But if any government is willing to fell a forest of Australian law to ensure the conviction of Hicks, then we are all in serious trouble.


In this editorial, the Sunday Age confuses "THE LAW" in the sense of the Natural Law, the unchanging law, written on the hearts of every human being, which St Thomas defended and died for, and the juridical positivism that passes for law in our modern democracies, which allows laws to be created to serve the convenience of governments and interest groups regardless of whether they are inheritantly true and just. Had More really been a stickler for the "law" in this latter sense, he would have gone along with Henry VII's new "law" of ecclesiastical supremacy without a qualm.

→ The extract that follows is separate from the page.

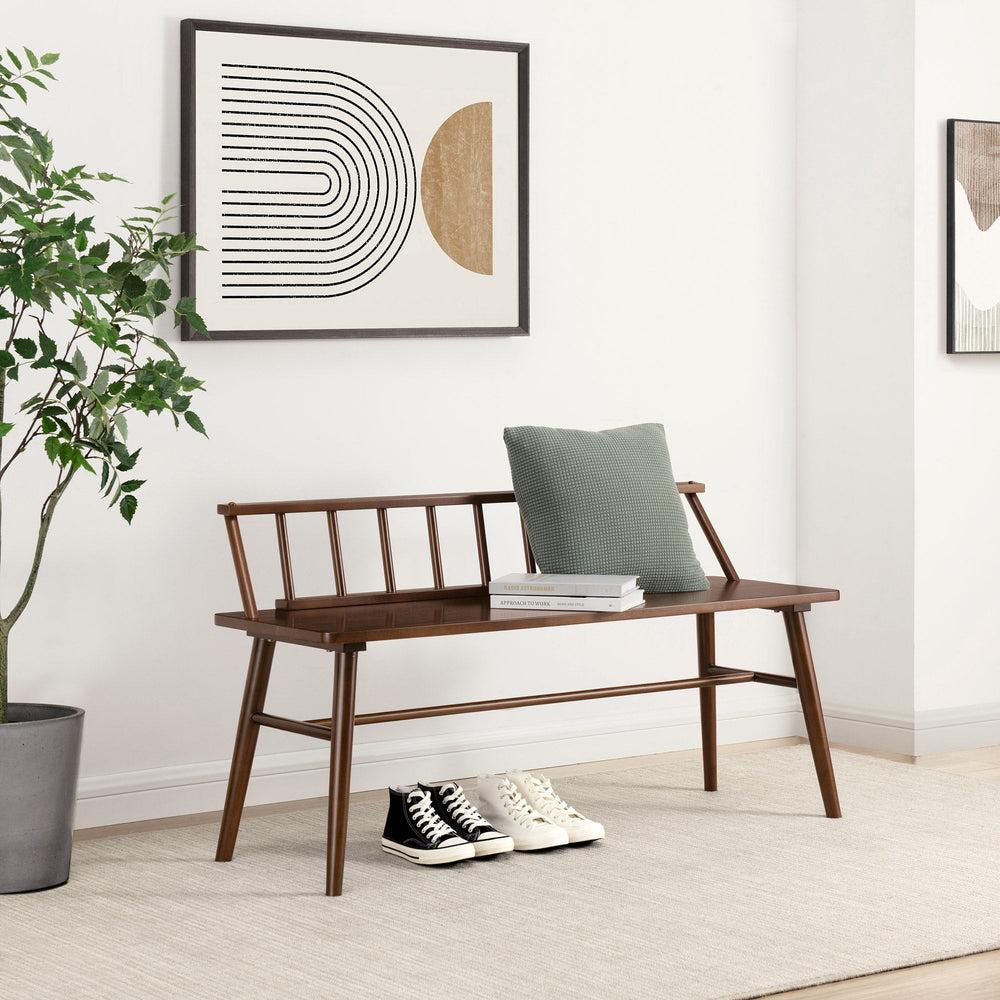 
                      
                        Spindle 47" Low Back Bench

In fact, a very good case can be made for linking St Thomas More's true understanding of law to the David Hick's case, but it is not exactly the same as the use that the editors of The Age make of it. Moreover, if they were really sincere about championing More's principles, they would find themselves having to reverse many of their own publically declared positions, especially in regard to same sex marriage, euthanasia, and embryonic research.

If you want to get a handle on what all this natural law stuff is about, then have a look at this recent address by the Pope to a conference held in Rome.

1 Comments:

At Monday, February 26, 2007 1:54:00 pm , Anonymous Anonymous said...

Actually, the Age is spot on with its More quotation.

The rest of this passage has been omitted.